RS Productions
- Logo used from 1980 to c.1983
- Industry: Radio and television production
- Genre: Sitcoms
- Founders: Gary Reilly; Tony Sattler;
- Defunct: 1984
- Fate: Ceased production; now exists merely as a copyright holder
- Headquarters: Australia
- Products: The Naked Vicar Show; Kingswood Country; Daily at Dawn; Brass Monkeys; Bullpitt!;

= RS Productions =

RS Productions was an Australian television and radio production company best known for producing the television sitcom Kingswood Country (1980–1984). The company was founded by Gary Reilly and Tony Sattler, originally to produce comic sketches such as The Novels of Fiona Wintergreen and "anti-ads" (satirical advertisements for fictitious company Product Name) for ABC youth radio 2JJ and for its "Local Radio" network. Titles included Chuck Chunder of the Space Patrol (1975), Doctors and Nurses (1976) and The Naked Vicar Show (1976–77), for which a compilation of highlights is available on cassette tape.

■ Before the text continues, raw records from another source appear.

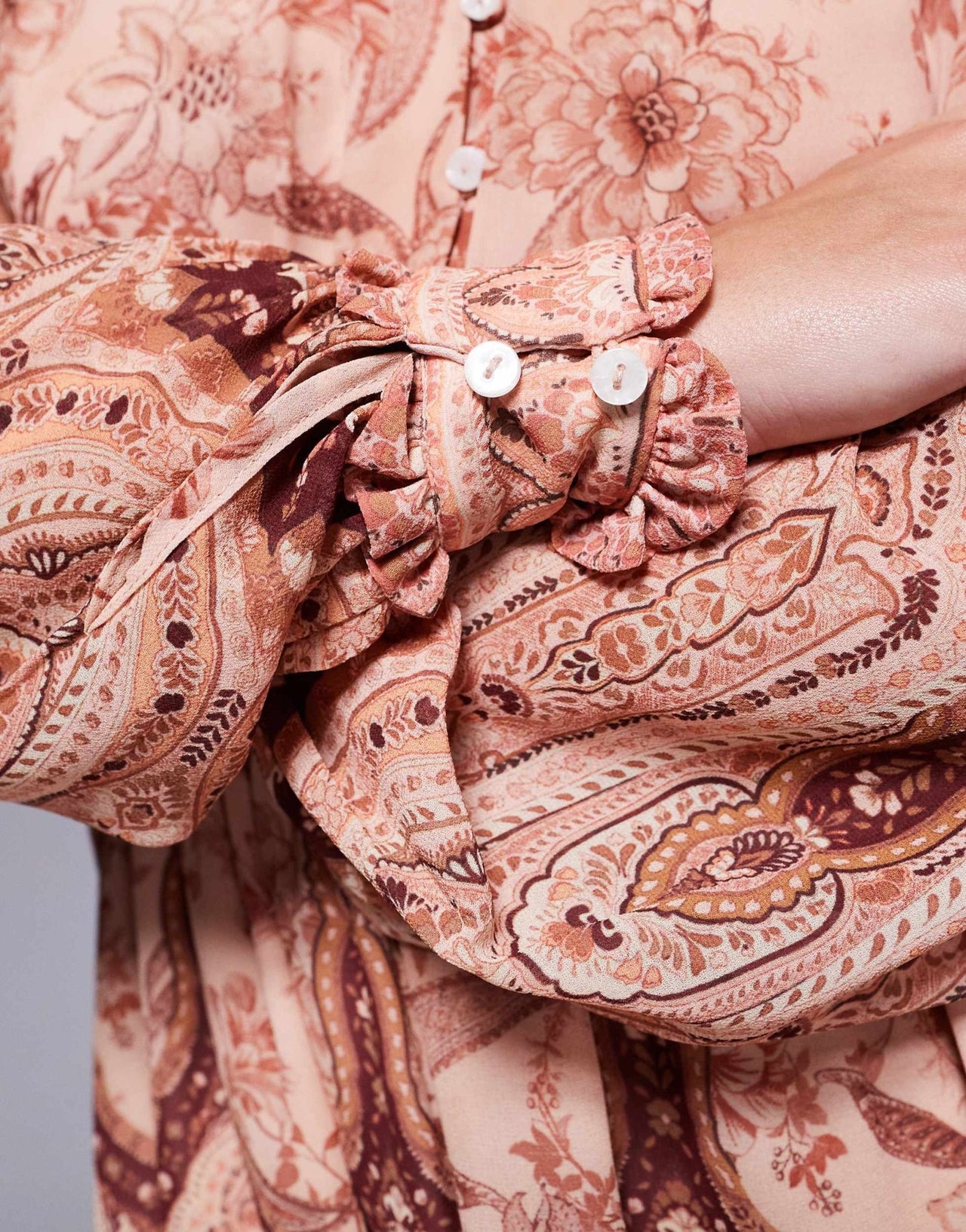Ever New Petite tiered mini dress in mixed floral - ASOS Sample Sale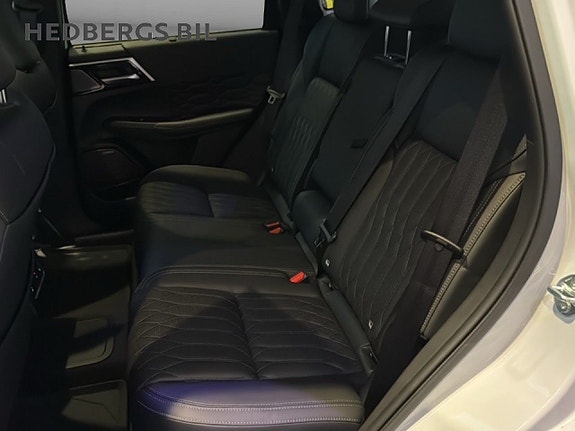 Mitsubishi Outlander 8 of 24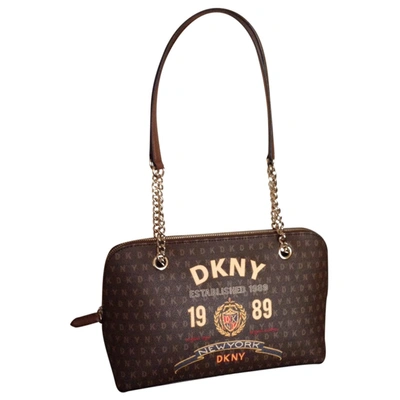 Pre-owned Dkny Cloth Crossbody Bag In Brown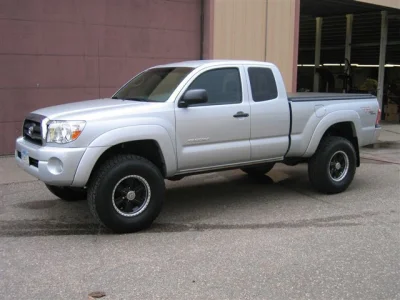 TOYOTA CUSTOM VEHICLES TACOMA'S FJ CRUISER - Image 22 of 25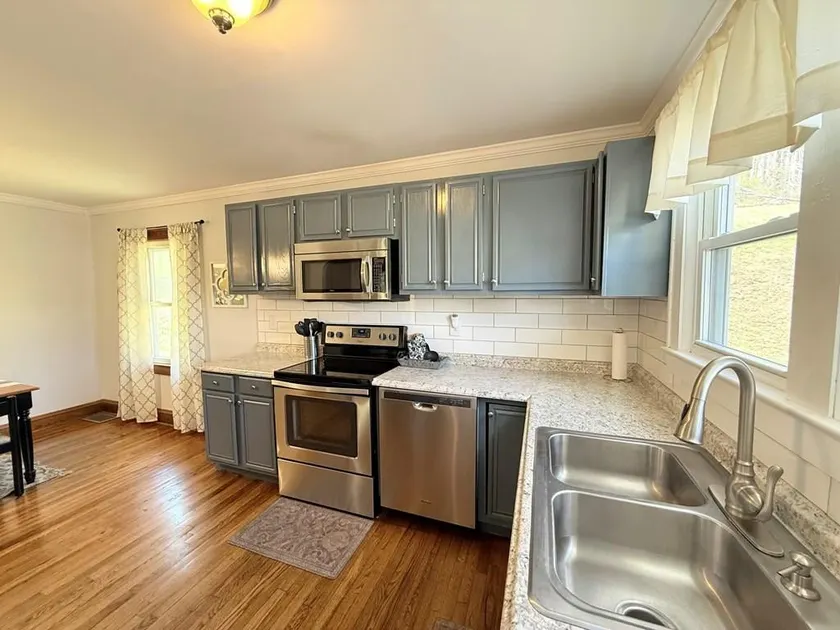 The Hilltop Hideaway - Image 1
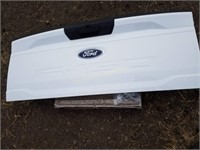EDIT: Ford F150 Tailgate - White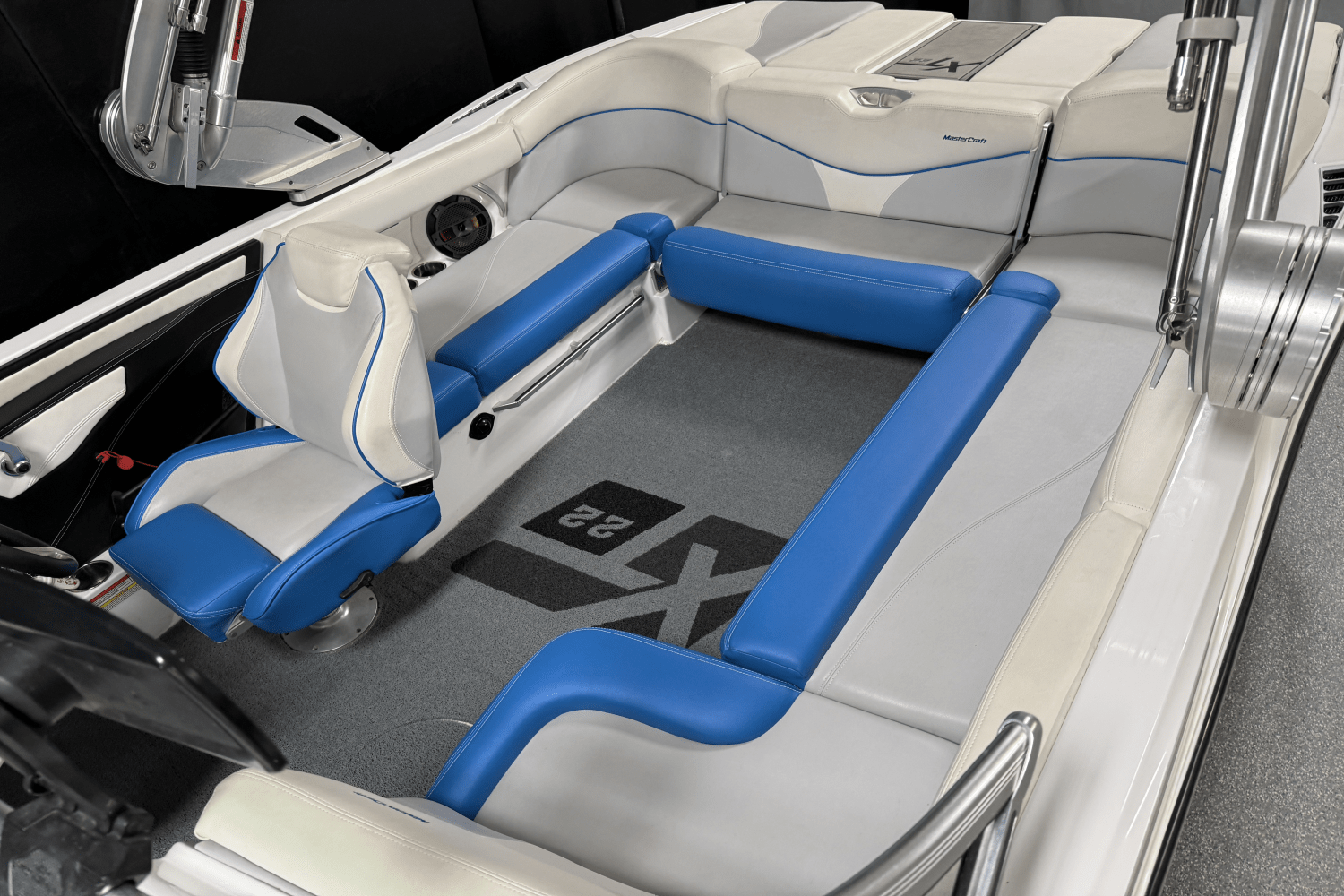 2019 Mastercraft XT22 Image Thumbnail #10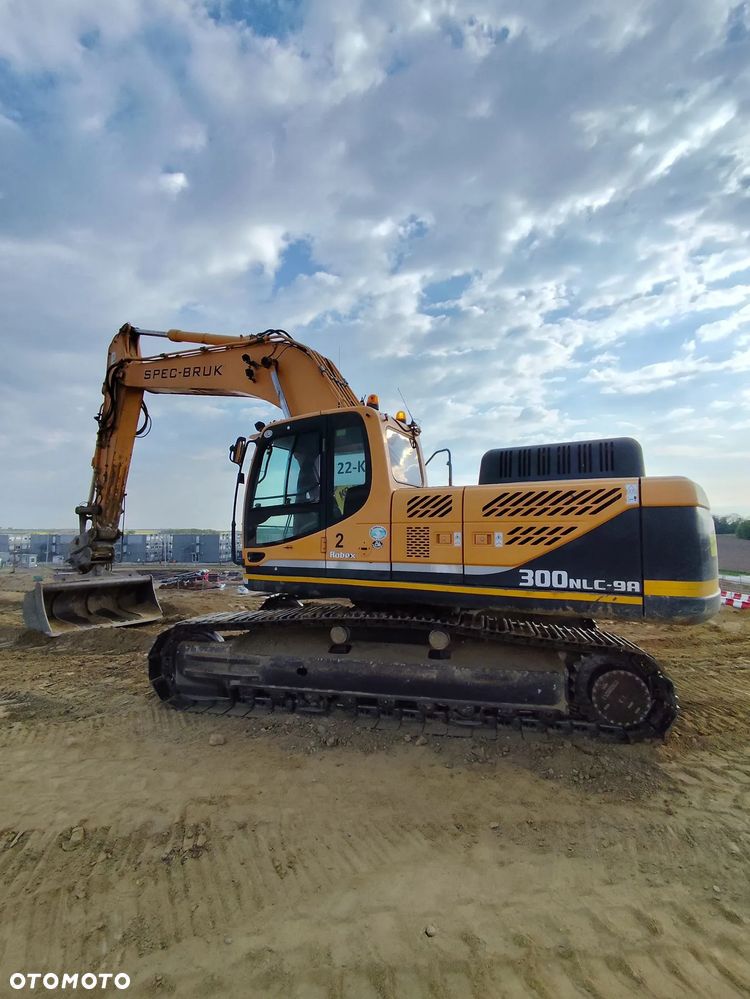 Hyundai HLC300-9A - 1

The Naked Vicar Show was later adapted for television and broadcast by Channel Seven from 1977 to 1978. One of its regular sketches became the basis for the hit sitcom Kingswood Country. Other television series produced by the company included Daily at Dawn (1981), Brass Monkeys (1984) and Bullpitt! (1997–1998). The company also produced several radio programmes. Today the company still exists as the copyright holder of its programs, two of which, Kingswood Country and Bullpitt!, have since been released on DVD.

The company ceased production in 1984.